Another in a long series of projects. I wonder when I benefit from all this work and start to experience the advertisers picture of sailing: sitting back with a drink in hand as the boat heads off into the sunset? More on this later...
I've just finished installing a new alternator. The boat came with a Hitachi 80amp alternator, with an internal regulator. For those of you not into the depths of DC charging, I'll try to keep this part brief. Although discussing alternators in a non-DC nerd way is difficult. You may want to skip ahead to the photo and then move on.

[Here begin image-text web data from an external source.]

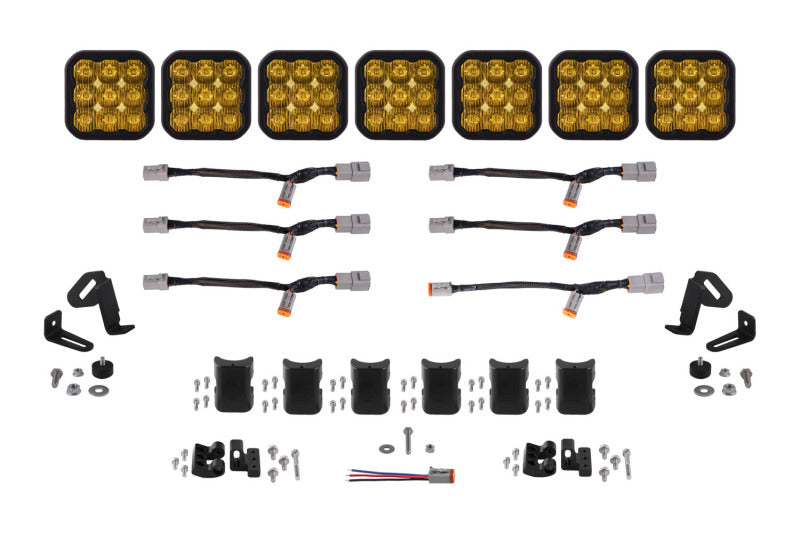 Diode Dynamics SS5 Pro Universal CrossLink 7-Pod Lightbar - Yellow Driving Light Bars & Cubes Diode Dynamics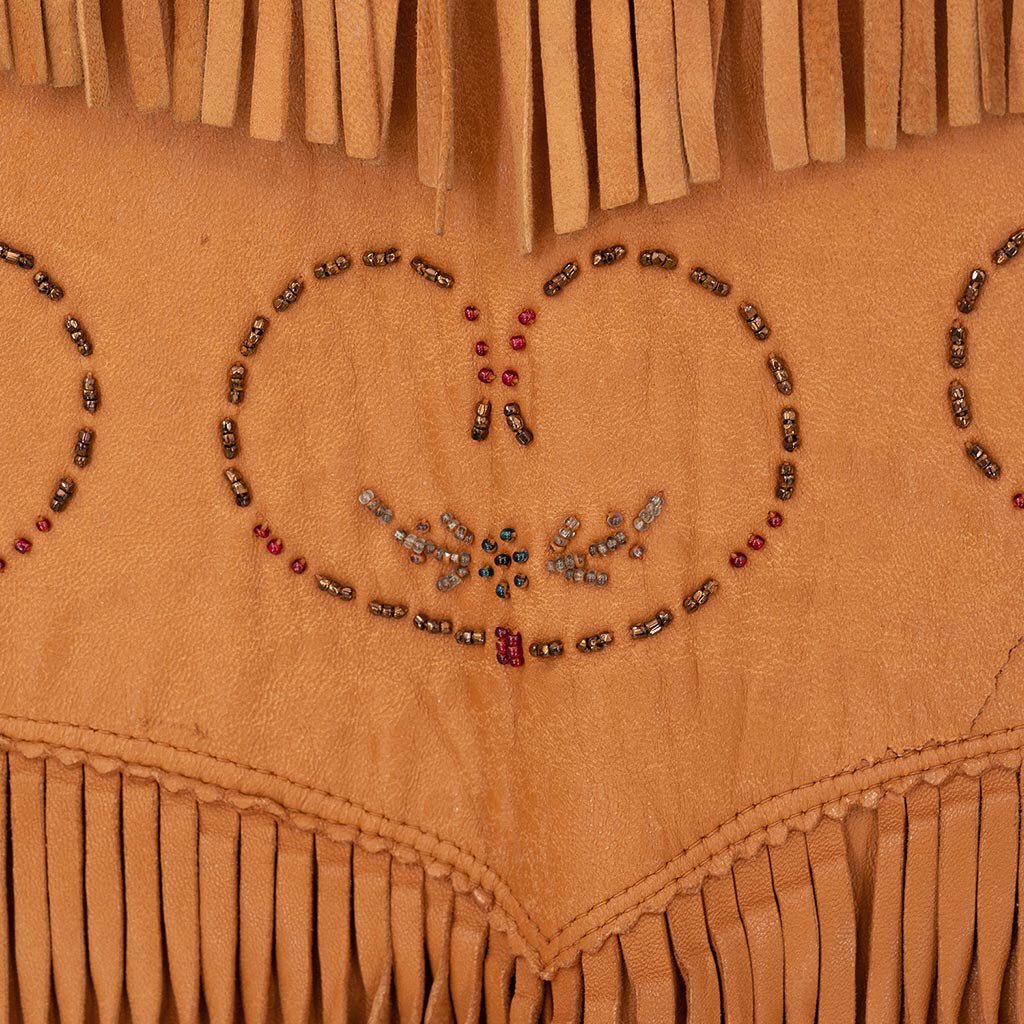1950s Vintage Floral Beaded Leather Fringe Jacket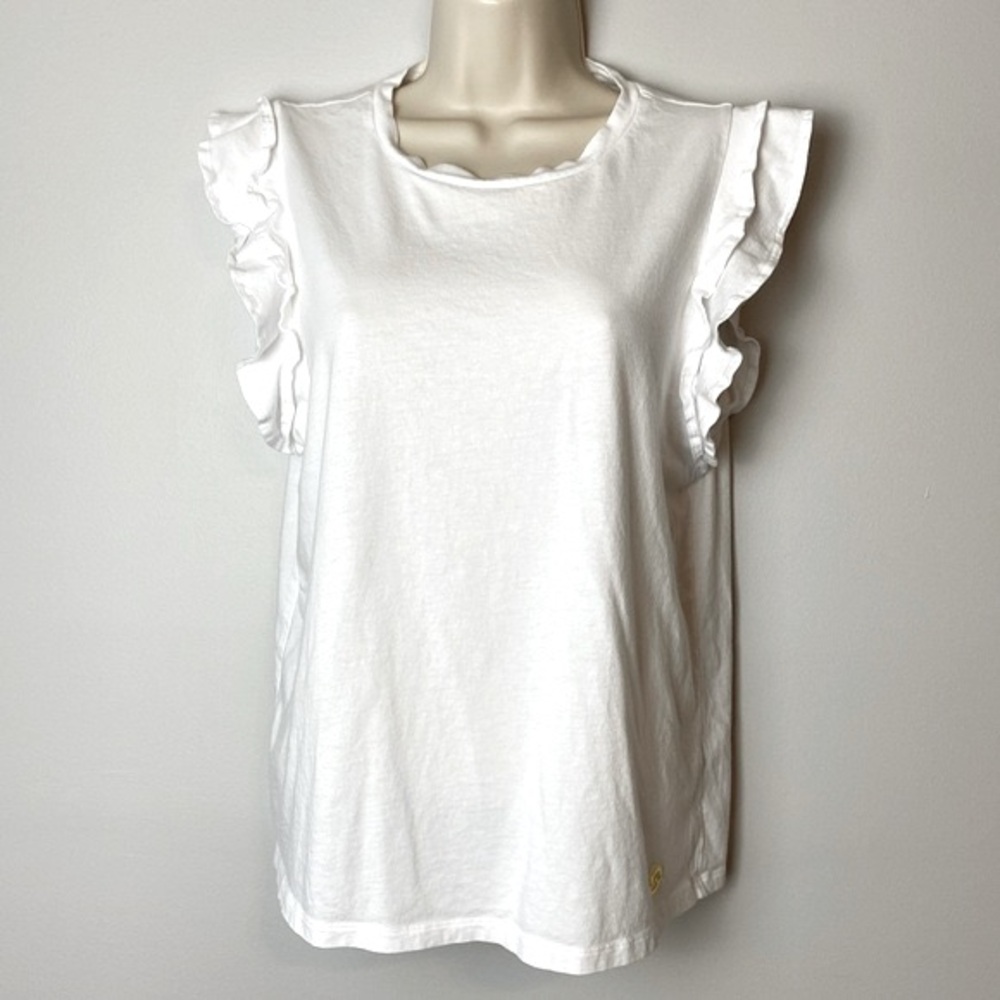 Michael Kors Woman White T Shirt Ruffled Short sleeve Top Size M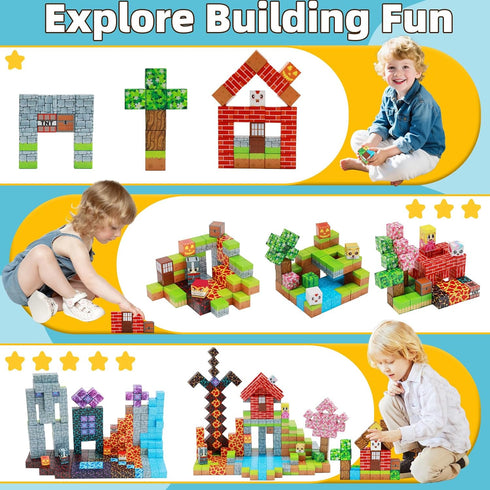 150PCS 3 4 5 6 7 8 9 10, 1" EchoPlan Magnetic Blocks, Magnetic Building Blocks, STEM Constructions Magnet Blocks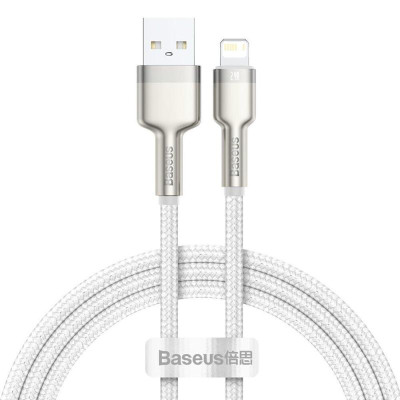 Дата кабель Baseus Cafule Metal USB to Lightning 2.4A (2m) (CALJK-B0) White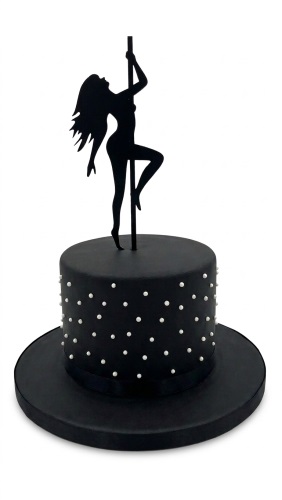 Black round cake with white pearls and a black pole dancer silhouette topper.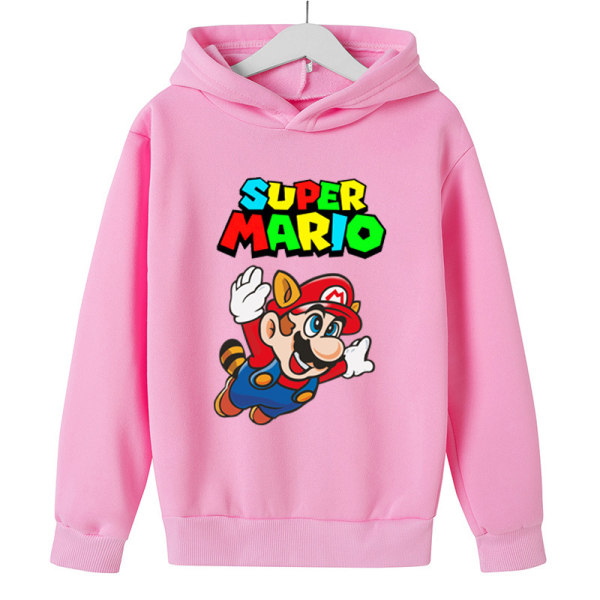 Mario Cartoon Print Hoodie F2 Pink 130cm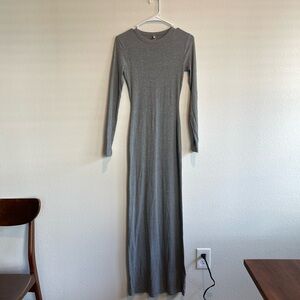 EUC Gray Crew Neck Long Sleeve Gray Maxi Skims Dress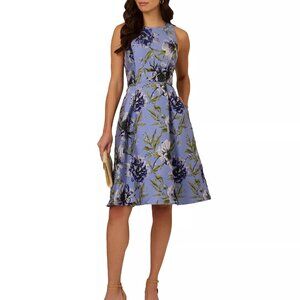 Adrianna Papell Women's Floral-Embroidered Jacquard Dress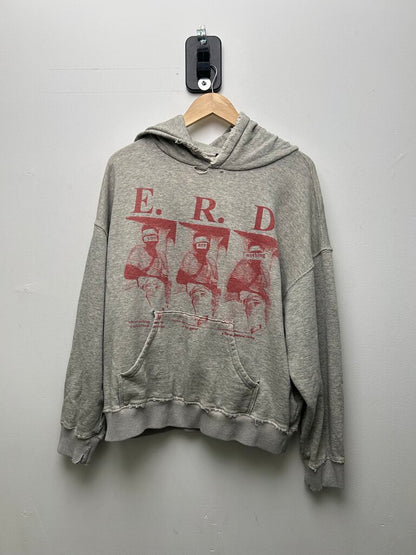 Preowned ERD You Are Nothing Grey Red Hoodie Sz.Small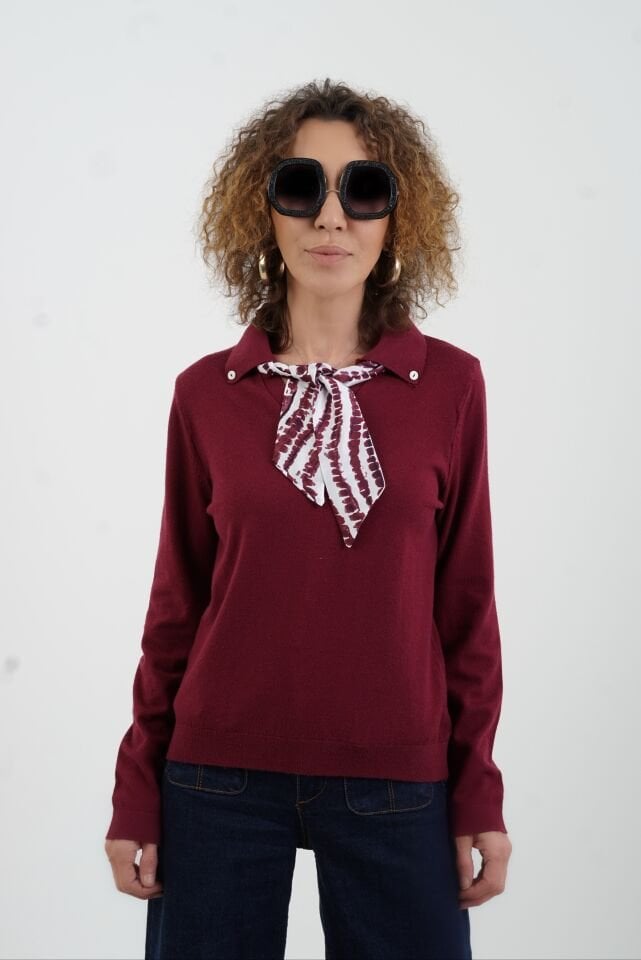 Bordo Polo Yaka Fularlı Uzun Kol Kazak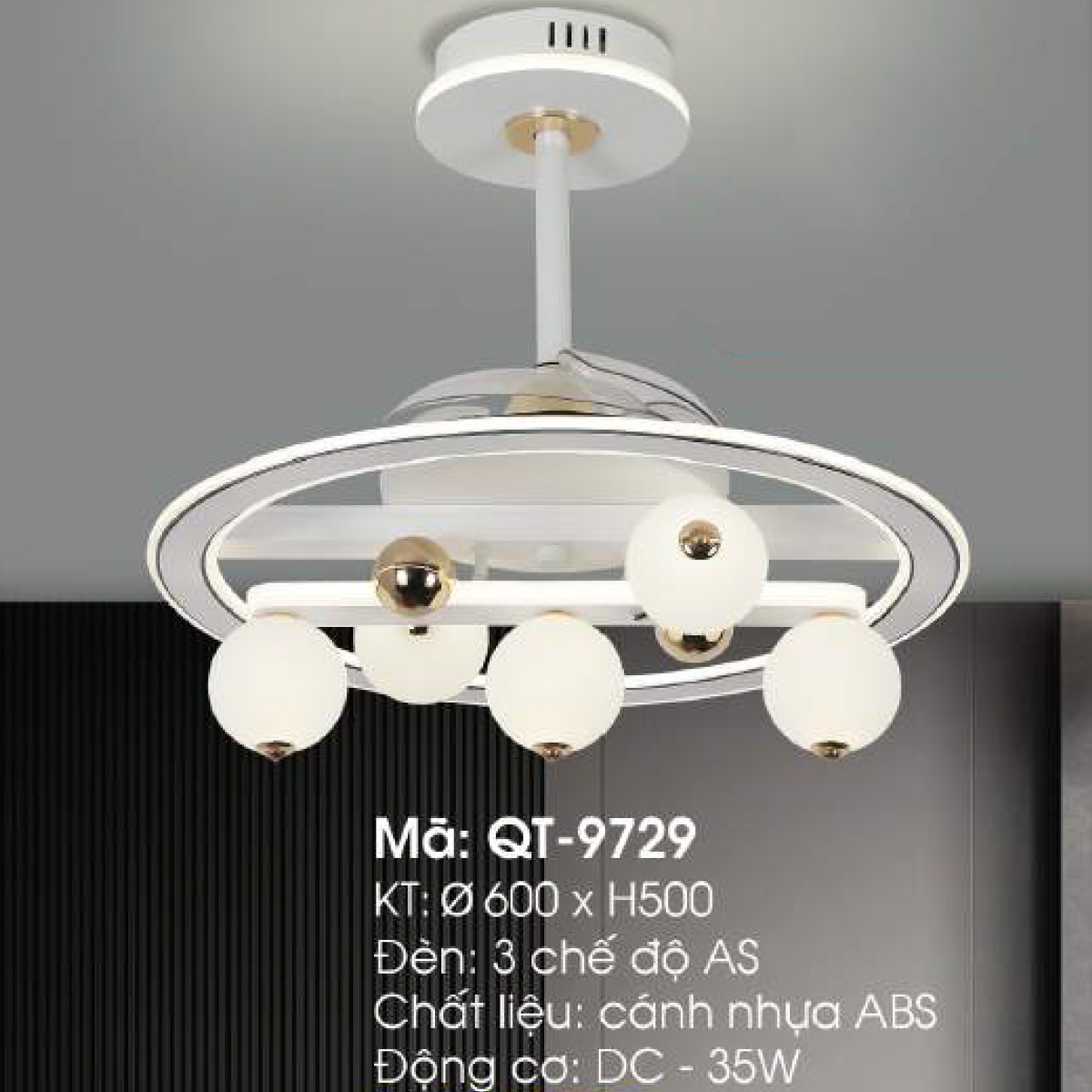 Quạt trần đèn trang trí Verona QT-9729 Ø600 x H500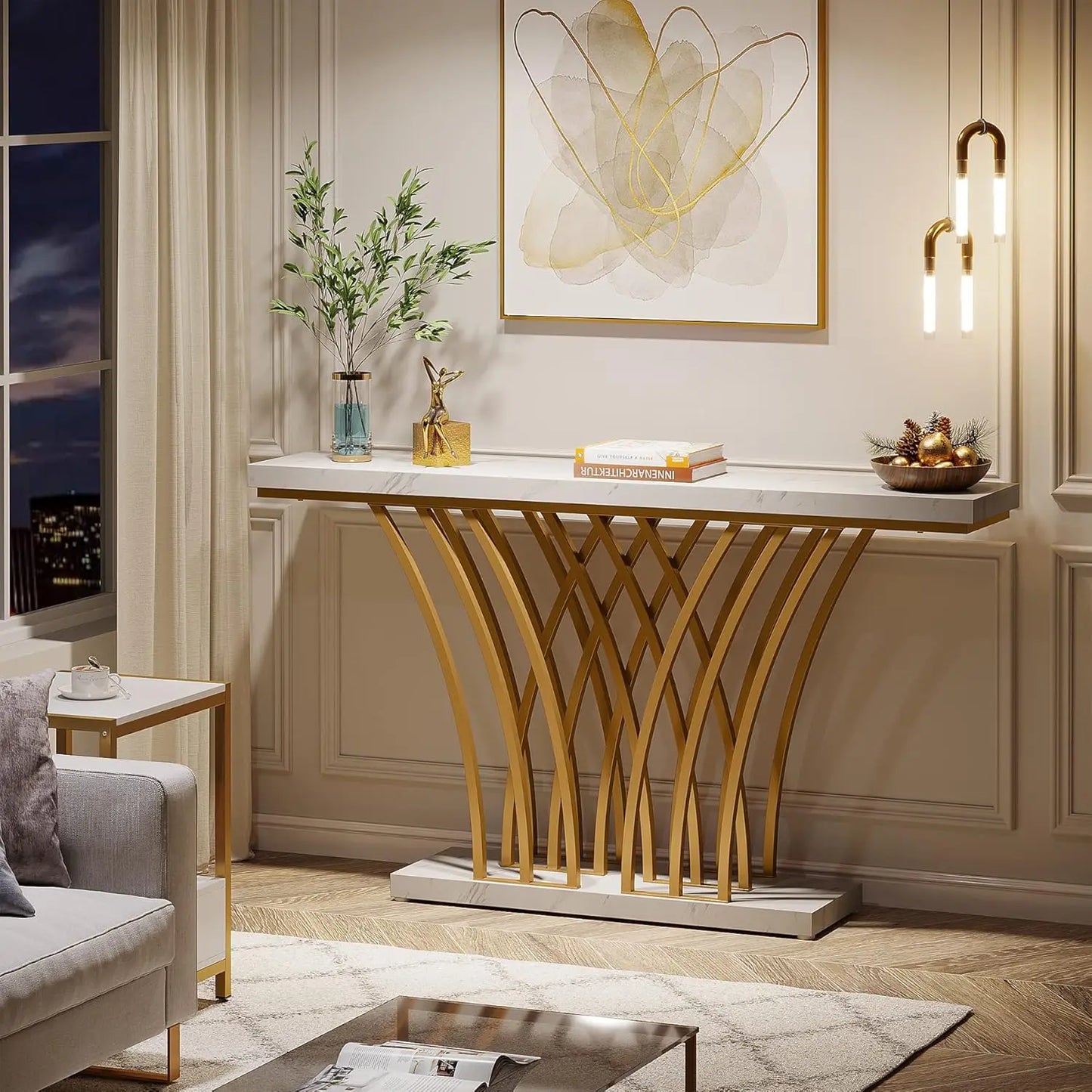 59 inch Gold Entryway Table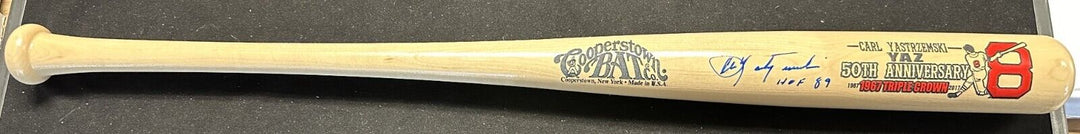 Carl Yastrzemski Signed Cooperstown Bat 1967 Triple Crown 50th Anniversary Bat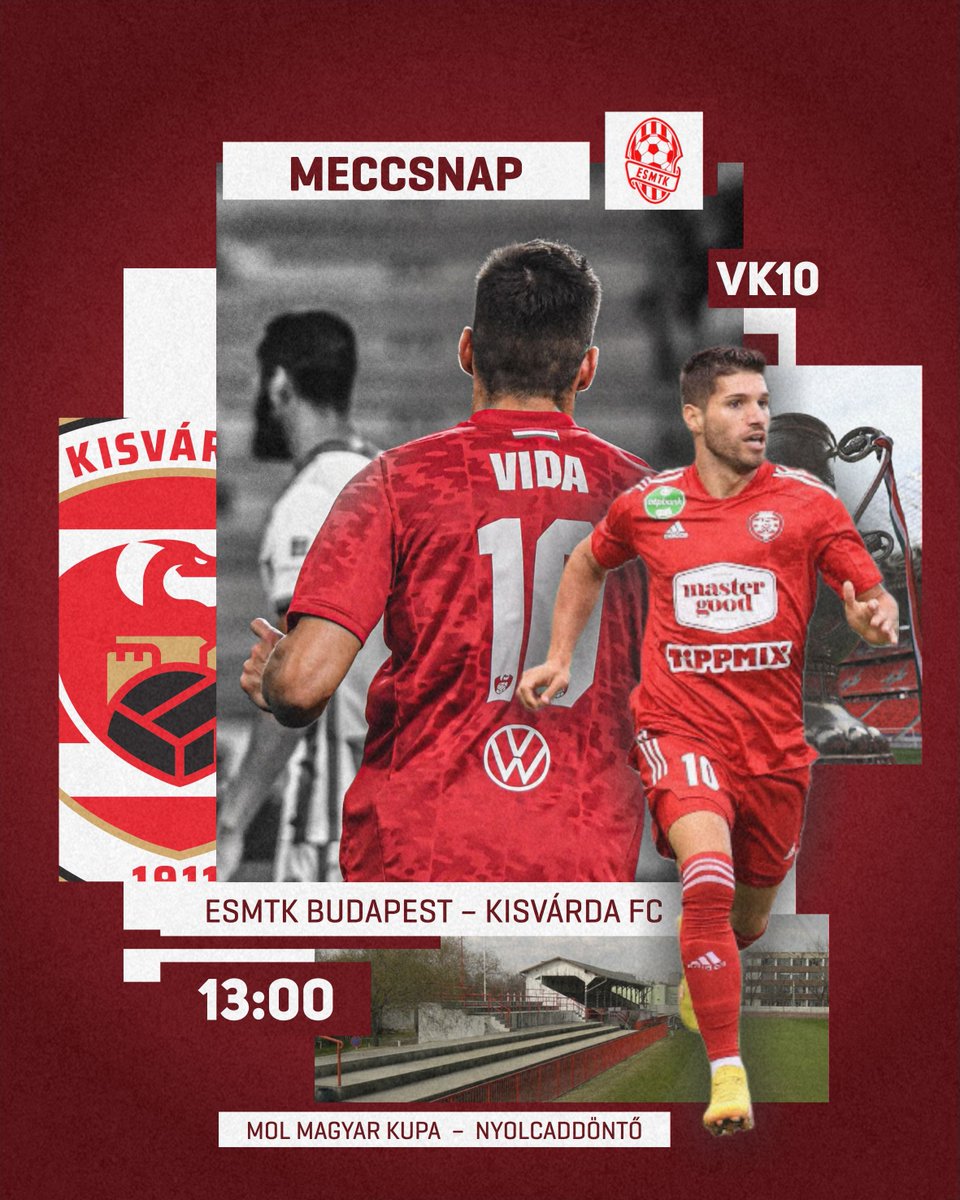 KristopherVida's tweet photo. 🏆 MECCSNAP
🇭🇺 MOL Magyar Kupa, Nyolcaddöntő
🆚 ESMTK Budapest – Kisvárda FC
🏟  Budapest, ESMTK Stadion
📲 LIVE Stream: https://t.co/C3cOez52N8
#⃣ #VK10 #MagyarKupa #Kisvárda https://t.co/DsWoVZQqro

I never saw the old Hitachi charge at anything over 13.4 volts. This is way too low for a decent charge. Its perhaps ok for an automotive charger which only has to run the accessories and restore the charge the start of the engine took out of the battery. In a sailboat which may run its batteries down a lot since the engine was last turned on, you want the engine alternator to produce the most amperage as possible to bring the battery bank back up to as fully charged as possible in the time you run the engine. Its a sailboat, you don't want to run the engine more than necessary.
So anyway, since the old alternator wasn't charging the way I wanted, I looked around for alternatives. Balmar is the big name in marine alternators. That's what I have now. I didn't want to change the belts on my engine, and the maximum alternator for a 1/2" belt is 110amps. I now have a Balmar 7-series 110 amp alternator. There was a choice of a couple regulators they offered, I have the ARS-5. The ARS-5 is a good quality regulator which supports 3 stage charging - although that appears to be true of all the Balmar regulators.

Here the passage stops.